At these destinations, there’s more than one way to take to the water
Which destinations have the best water sports will likely remain a subject of endless debate among aficionados of diving, snorkeling, windsurfing, kiteboarding and fishing. Every island has something to offer. Some provide the best conditions for one sport, but may not be well suited to another. And then there are the islands that deliver a bit of everything, from wind and waves to calm, clear shores, along with the necessary infrastructure to support these aquatic pursuits. If you are looking to sample a broad range of on- the-water adventures, here are the islands that deliver on multiple fronts.
It’s hard for one island to please everyone looking to get wet and have fun. Divers want clear water and calm seas. Sailors want wind; big game fishermen need access to deep water. If there is one island in the Caribbean that can please the widest variety of water-sports enthusiasts, it is Grand Cayman. World famous for its precipitous underwater walls, it remains one of the prime diving destinations in the Caribbean. But that’s just the beginning. The expansive bay known as North Sound is an aquatic playground. Kayakers cruise the mangrove-fringed corners, while fly fishermen tempt tarpon and bonefish on nearby flats. Day sailors zip across the breezy yet protected waters of the sound, while closer to the wave-washed northern edge, windsurfers and kiteboarders carve and hop in the chop. From marinas daily fishing expeditions depart into the blue waters beyond, while the Seven Mile Beach, on the island’s western leeward shore, is perfect for flat water pursuits such as stand-up paddleboarding, glass-bottom boat tours and waterski runs.

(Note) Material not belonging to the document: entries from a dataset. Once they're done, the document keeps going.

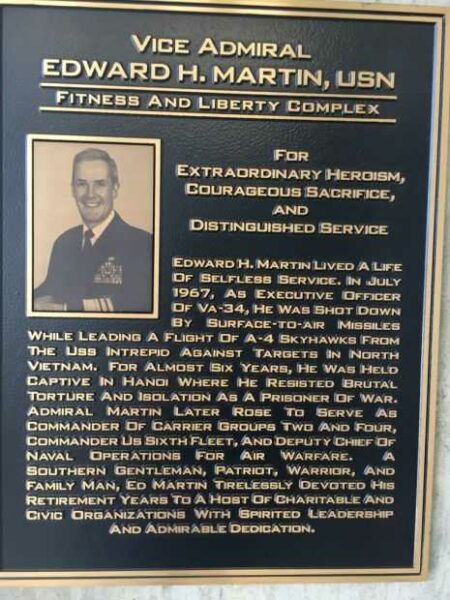 VICE ADMIRAL EDWARD H. MARTIN WAR MEMORIAL PLAQUE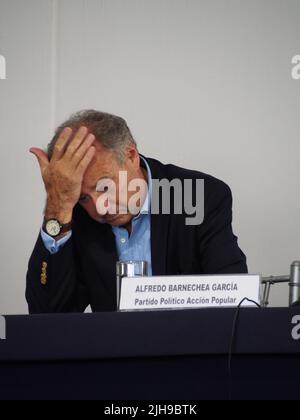 Alfredo, Barnechea, candidat à la présidence, lors d'une conférence de presse dans le bâtiment des Nations Unies à Lima Banque D'Images
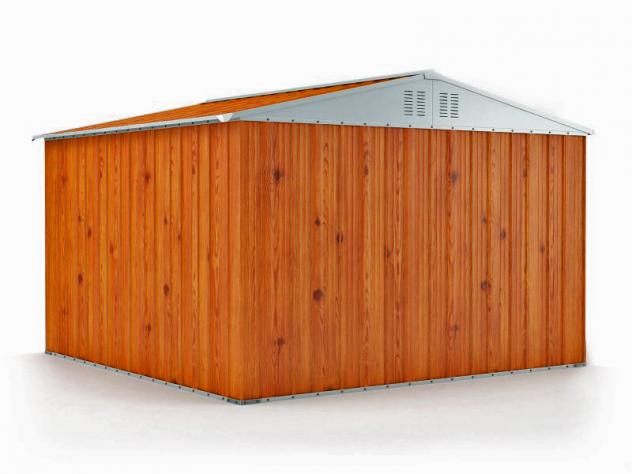 Box prefabbricato, casetta da giardino in lamiera zincata. Capanno deposito attrezzi in Acciaio Zincato 3.27 x 3.07 m x h2.15 m - 145 KG – 10,04 metri - Foto 2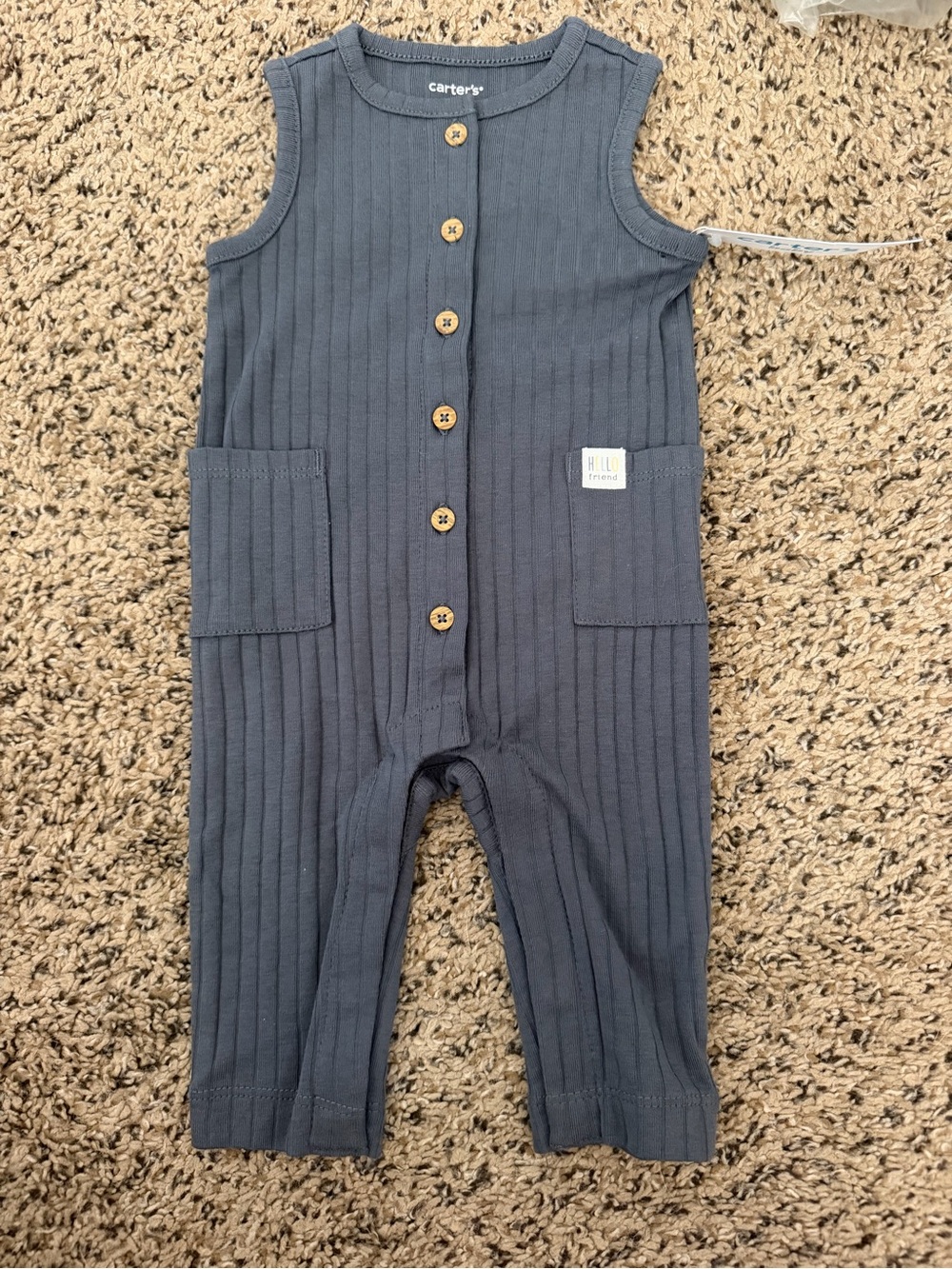Carter's Ribbed Button-Front Sleeper - Charcoal Gray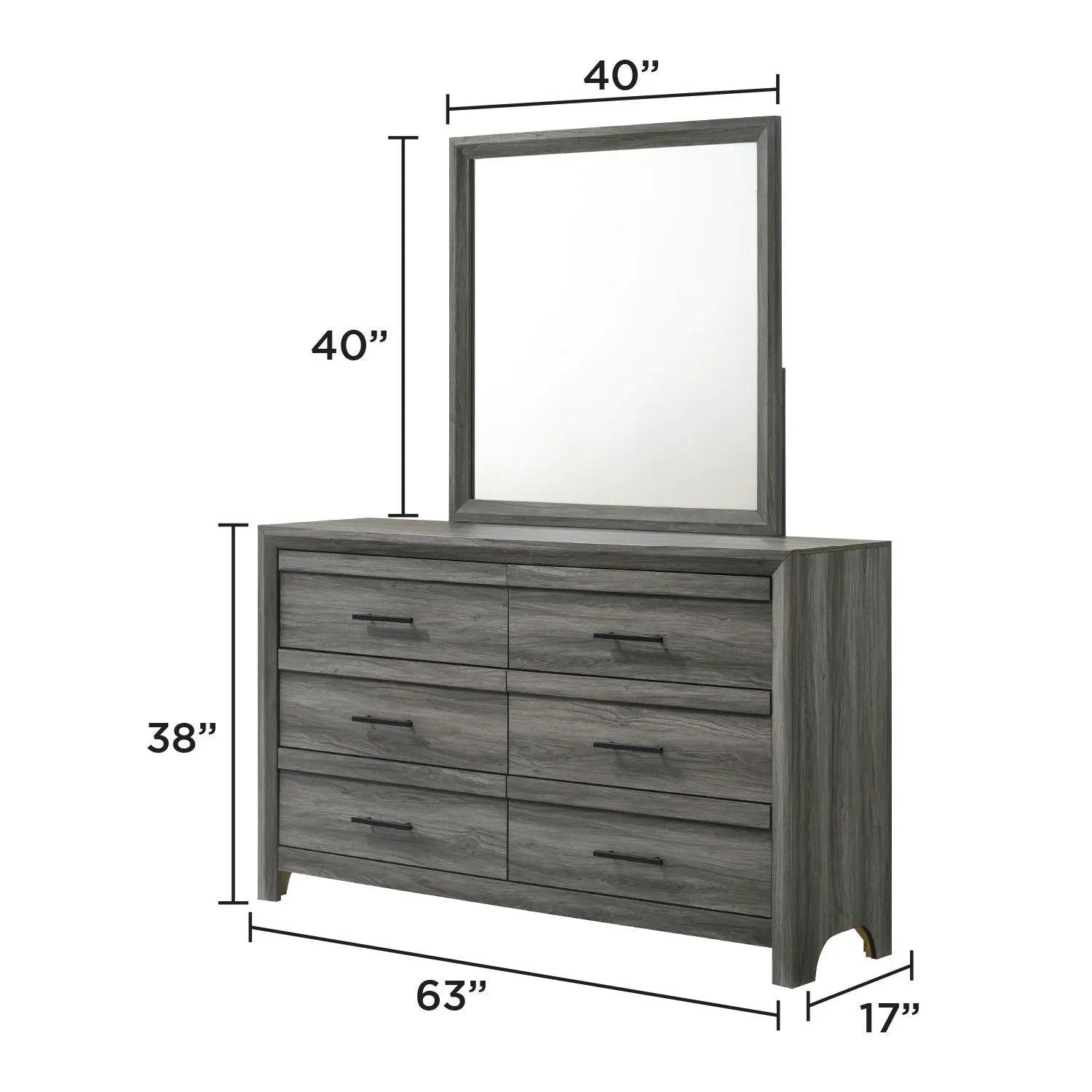 Denver - 6 Drawer Dresser - Gray by HouseOfZazla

It was Jacques Cousteau who kicked off the Caribbean diving craze with his 1961 declaration that Cozumel was one of the best diving destinations on Earth. And he was right. The island, which sits at the northern end of the massive Mesoamerican Barrier Reef, is blessed with a magical combination of clear water, spectacular reefs and abundant marine life. Along the island’s sheltered western shore, a sloping bottom leads to enormous reefs towering up off the sand. The structures are washed by a steady north-flowing current that delivers a stream of nutrients that leave the filter-feeding creatures of the reef—corals, sponges, and gorgonians—very, very happy. It also keeps the ocean clear, and this was the place where divers first spoke of “gin clear” water. It’s so clear that light that usually fades to dusky blue at 60 feet is still clear and bright at 100 feet or more. In the deep blue waters beyond, there’s also excellent fishing, and each spring sees an international cast of anglers arrive to do battle with plentiful populations of high-flying sailfish. Angling action also extends to the reef and into the mangroves where feisty bonefish play hide and seek with your fly all day long. When conditions are right, explorers can hop a speedboat for a run to the island’s wild east side, or remain on the sheltered west and discover the shoreline in a kayak, or launch a catamaran into the mellow breezes that grace western beaches.

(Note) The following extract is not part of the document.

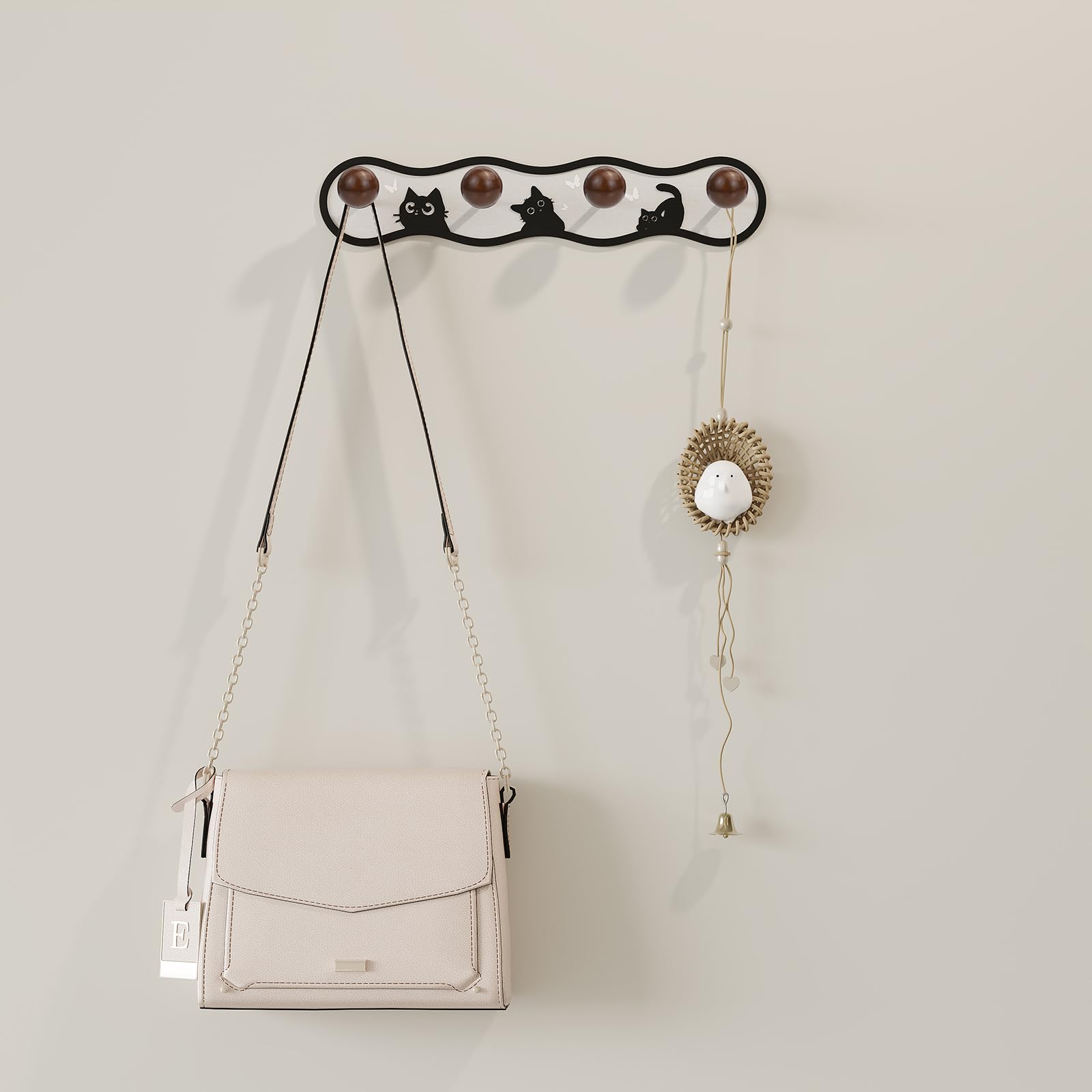 Perchero de pared, bonito perchero de pared con ganchos, soporte de pared de metal para entrada, baño, dormitorio, abrigos, sombreros, ropa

Good diving and snorkeling can be found in the Dominican Republic, especially in the south around Catalina Island, but the real water-sports action is on the north coast at Cabarete. This is a world mecca for windsurfing and kiteboarding. Strong and consistent winds blow into the bay, while an offshore barrier reef breaks up the prevailing swells and creates surfable and jumpable breakers for the more advanced, as well as sheltered nearshore areas for beginners. Kiting is best just northwest of Cabarete, and scores of operators are eager to hook you up with gear, lessons, advice, whatever you need. There are dive sites nearby, including some awesome pinnacles, but the wind, waves and runoff limit the appeal. Around the corner and down the coast to the south at Punta Cana you’ll find superb deep-sea fishing. The area faces right into the Mona Passage between Hispaniola and Puerto Rico, with deep water not far offshore. Blue marlin run year round, peaking in the summer months, and you can chase white marlin, mahimahi, tuna and sailfish too.